Vendredi 9 juin. — Dans l’espèce de foire, qui se tient autour des bâtiments de la source de la Grande-Grille, il y a un étalage en plein air, au coin duquel se tient un vilain juif, à l’œil dormant d’un chat qui guette une proie. Ce sont des bandages, des seringues à injections, un tas d’objets louches, énigmatiques parmi lesquels figurent des anneaux de Vénus, des rondelles de caoutchouc dentelées, au moyen desquelles, un peintre me disait qu’on procurait à la femme des jouissances cataleptiques. Or, c’est amusant, devant le mystère de cette boutique sous une tente, où le marchand fait la bête, de voir s’arrêter des femmes cherchant à comprendre ce qu’on y vend, et tout à coup devinant le commerce de l’endroit, s’enfuyant toutes rouges, inquiètes, si un passant a surpris leur attention devant l’étalage.

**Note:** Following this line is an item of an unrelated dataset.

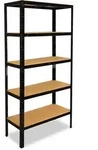 shelfplaza BLACK 180x50x30 cm Schwerlastregal in schwarz mit 5 B&ouml;den und 175 kg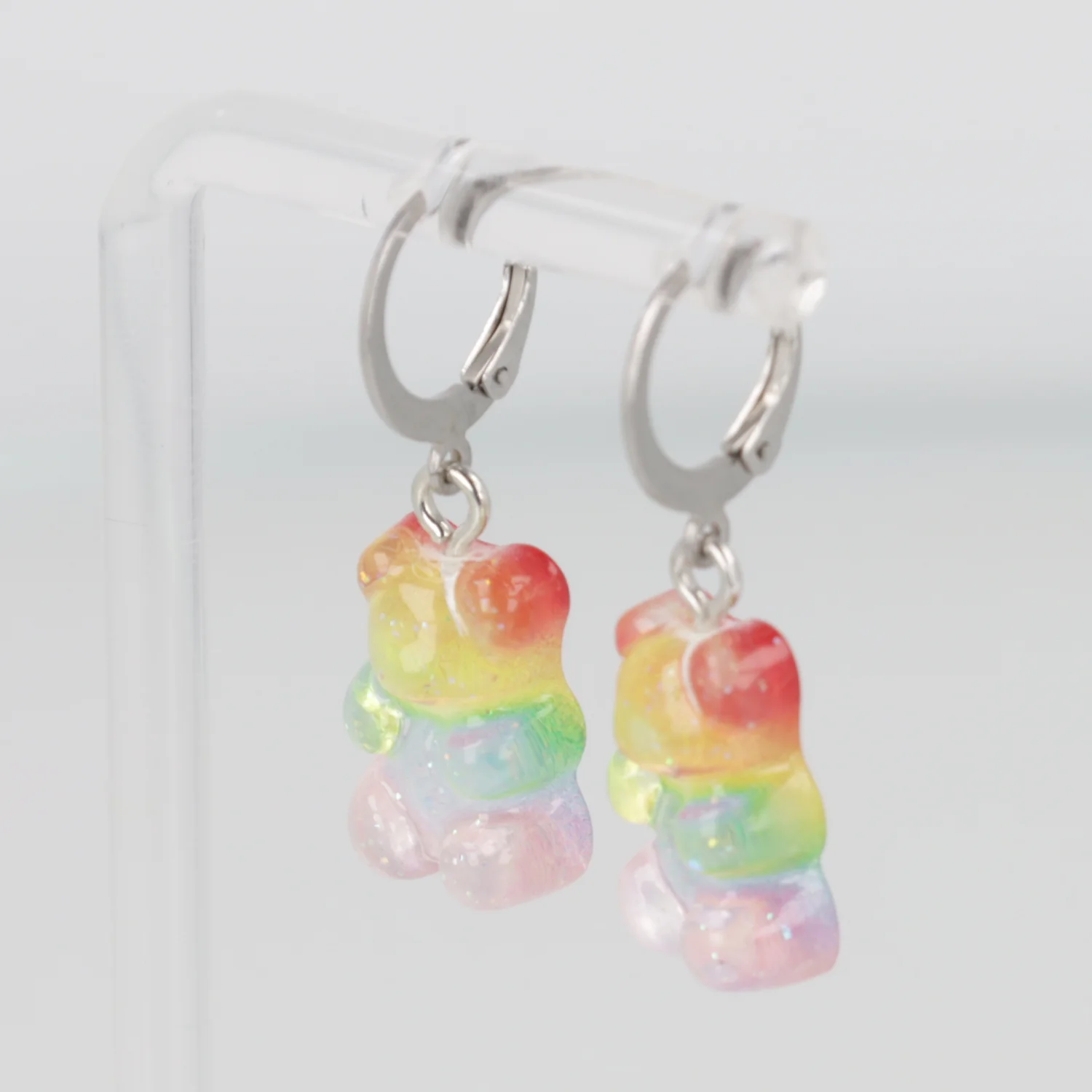 Rainbow Gummy Bear Earrings - Image 4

Lundi 12 juin. — Au théâtre du Casino, où l’on joue une pièce à tirades sur l’éducation des jeunes filles, j’entends une jeune spectatrice, qui dit à sa mère : « Maman, ne me regarde pas tout le temps, comme ça, quand on dit quelque chose de pas convenable… je suis déjà bien assez gênée ! »

Mardi 13 juin. — Mme Octave Feuillet est ici ; elle a quelque chose de la tournure d’une fée bienveillante et proprette de féerie.

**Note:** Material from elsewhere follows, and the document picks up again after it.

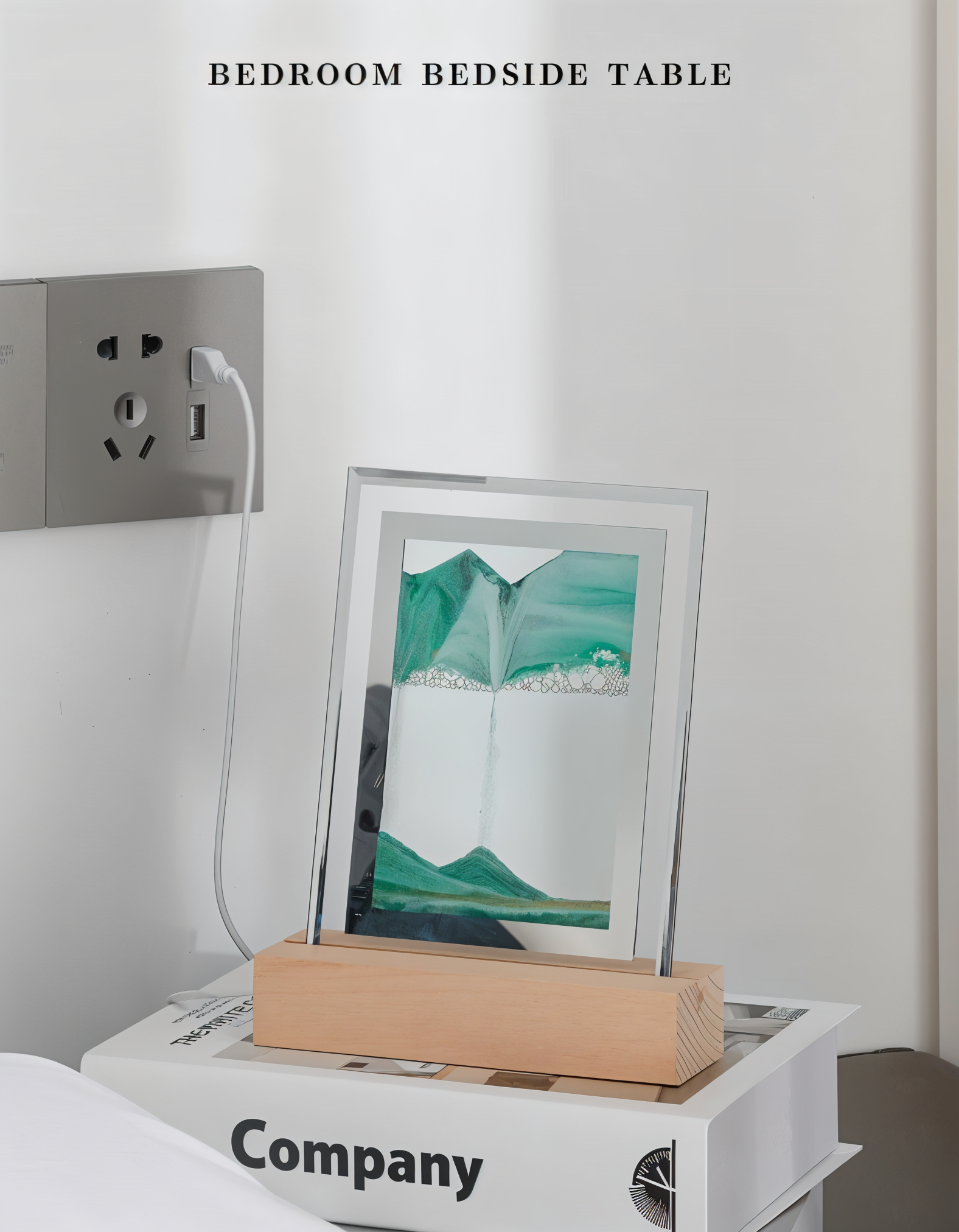 ZenGlow | Kunstnerisk Sand Natlampe!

La mode pour les femmes est ici de porter deux ou trois roses thé, à la ceinture, et pour les hommes un numéro de la Revue des Deux Mondes, sous le bras.

Mercredi 14 juin. — Le café : — tous les charabias de l’étranger et de la province ; — les tonitruants : Versez ! des garçons distributeurs de café ; — les expansions sur les analyses d’urine, mêlées aux : « Je suis calme comme le Destin, attaquez en chœur ; — les courses des petits chasseurs efflanqués, à la recherche des journaux et des petits bancs ; — le tapage des dominos ; — le grommellement des boissons ; — le bruissement des pas lointains des promeneurs dans le sable des allées ; — les lourds écroulements sur les chaises, des femmes obèses et d’hommes pachydermiques ; — les figures rieuses d’enfants, dans la bouche desquels, on met une cuillerée de café.

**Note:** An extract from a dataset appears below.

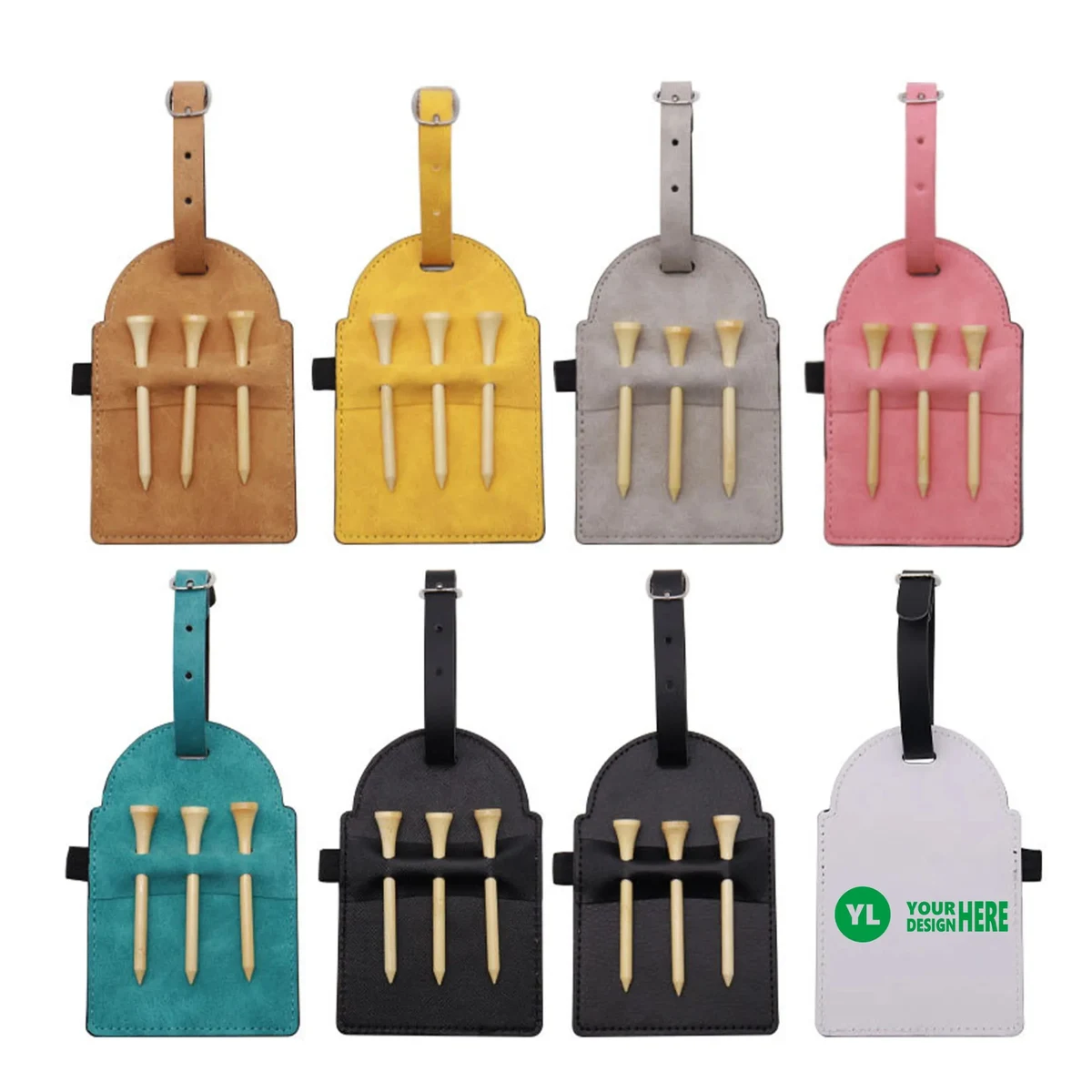 PU Golf Tee Bag 1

Ici le café, c’est au fond l’émancipation de la femme bourgeoise de province, hors de sa vie d’intérieur, et son intronisation dans la vie extérieure de la cocotte.

Jeudi 15 juin. — Une tête de joueur, une face mafflue de dogue. Des cheveux rares, coupés ras sur un crâne, qui a l’air d’une lande. Pas de gilet. Chemise noire aux bouquets de roses jaunes, serrée aux hanches par une large ceinture, et sur cette chemise noire, un veston et un pantalon de flanelle blanche à raies bleues. Et le joueur a aux lèvres un énorme cigare, dans un bout d’ambre monumental.

Dans la nuit, une voix m’appelle par mon nom. C’est Gille du Figaro, arrivé ce soir, avec sa belle-sœur, sa dévouée garde-malade, et qui se lamente et gémit, tout fatigué qu’il est, d’avoir à faire, avant de se coucher, un article sur le Docteur Pascal.

Vendredi 16 juin. — Ma voisine de table d’hôte, une aimable et élégante habitante du Morvan, possédant une propriété en Algérie, où elle va passer les trois mois d’hiver, me conte qu’une de ses grandes distractions là-bas, ces dernières années, était d’aller voir dans une excavation de rocher, aux environs de Bougie, et abrité par une colossale tige de ricin, un fumeur de kif, fumant toute la journée, les yeux sur une cage où voletaient deux petits oiseaux, dans un état d’extase complètement emparadisée.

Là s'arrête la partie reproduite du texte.